Later on Friday, there was a heated confrontation in the street outside the school between pro-Israeli and pro-Palestinian protestors. To keep the opposing factions apart, riot cops intervened.

A small but growing contingent of pro-Palestinian demonstrators refused to leave the street as night fell, defying police instructions to do so. Others quietly departed after being led by police out of the area.
France, which has the greatest concentrations of Muslims and Jews in western Europe, is deeply divided over the Gaza conflict. Following Hamas’ unexpected assault on Israel on October 7, which ignited the conflict, France first attempted to outlaw pro-Palestinian protests. There is a rise in antisemitism.
Protesters demanded that Sciences Po cut its links to Israeli educational institutions.
Additionally, around a hundred pro-Palestinian demonstrators took over a Sciences Po amphitheater on Wednesday night. Following conversations with management, the majority of students decided to go, although a small number stayed. The French media said that later that night, they were taken out by police.
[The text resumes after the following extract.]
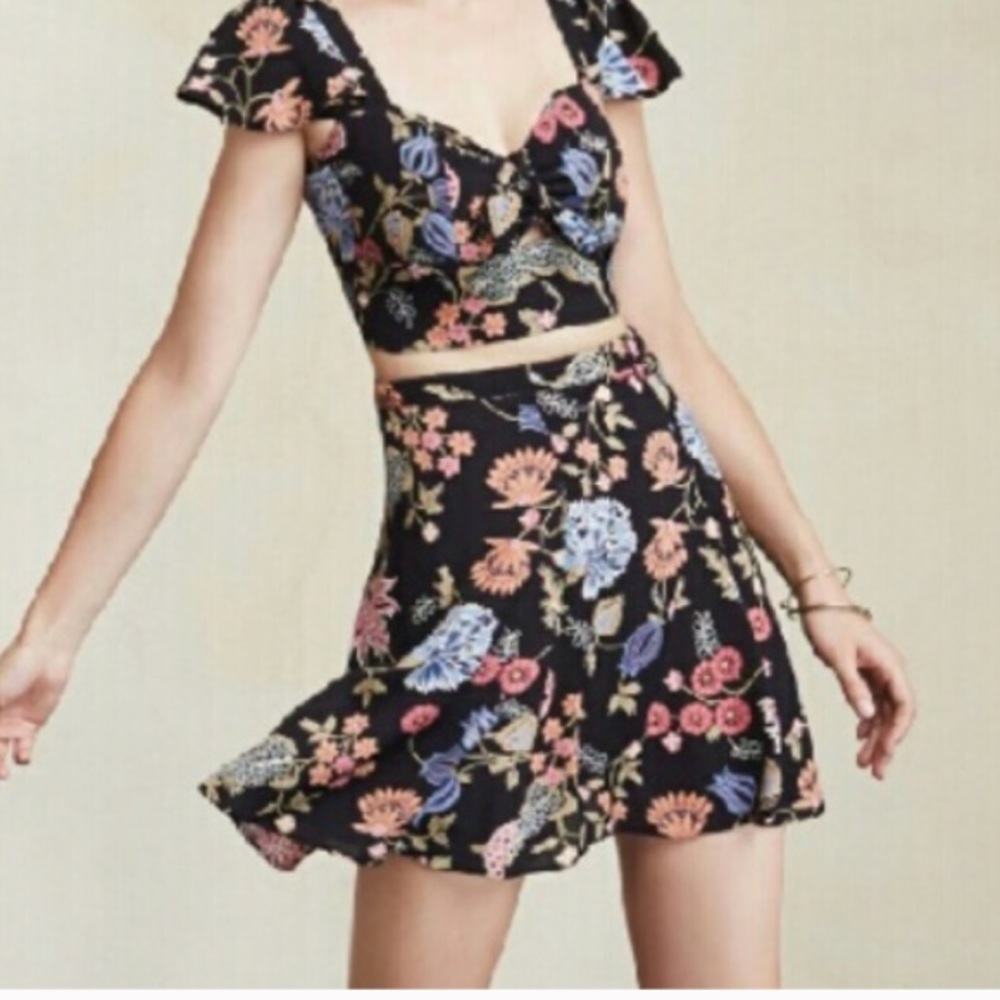 Reformation floral two piece set NEVER WORN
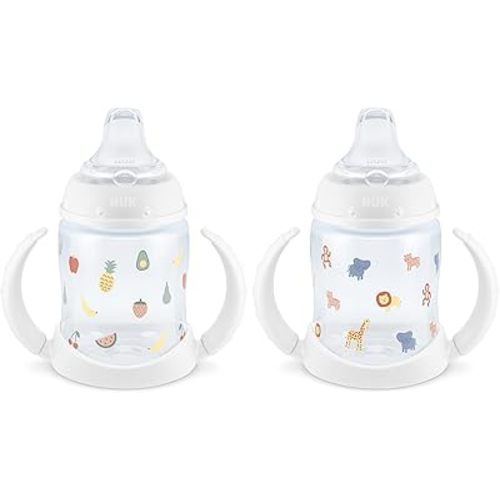 NUK Learner Cup, 6+ Months, Fun Fruits and Animals, Amazon Exclusive Collection, 5 Oz, Pack of 2 – BPA Free, Soft Spout, Spill Proof Sippy Cup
On Friday, the management of the institution shifted courses online and shuttered all academic facilities. In a press release, it said that it “strongly condemns these student actions that prevent the proper functioning of the institution and penalize Sciences Po students, teachers, and employees.”
An estimated sixty protestors were inside the building that had been taken over, according to the statement, and officials were meeting with a delegation of students “to try to find a way out of this situation through dialogue.”
Protester Louise said that comparable protests at Columbia University in New York and other American schools served as the impetus for the students’ activities.
“But our solidarity remains first and foremost with the Palestinian people,” she said. She only agreed to speak using her first name because she was afraid of the consequences.
At Columbia University, students are demonstrating against the Israel-Hamas conflict, joining a wave of protests that are engulfing colleges from California to Connecticut.
In the United States, hundreds of students and even some professors have been detained, often in the midst of altercations with the police.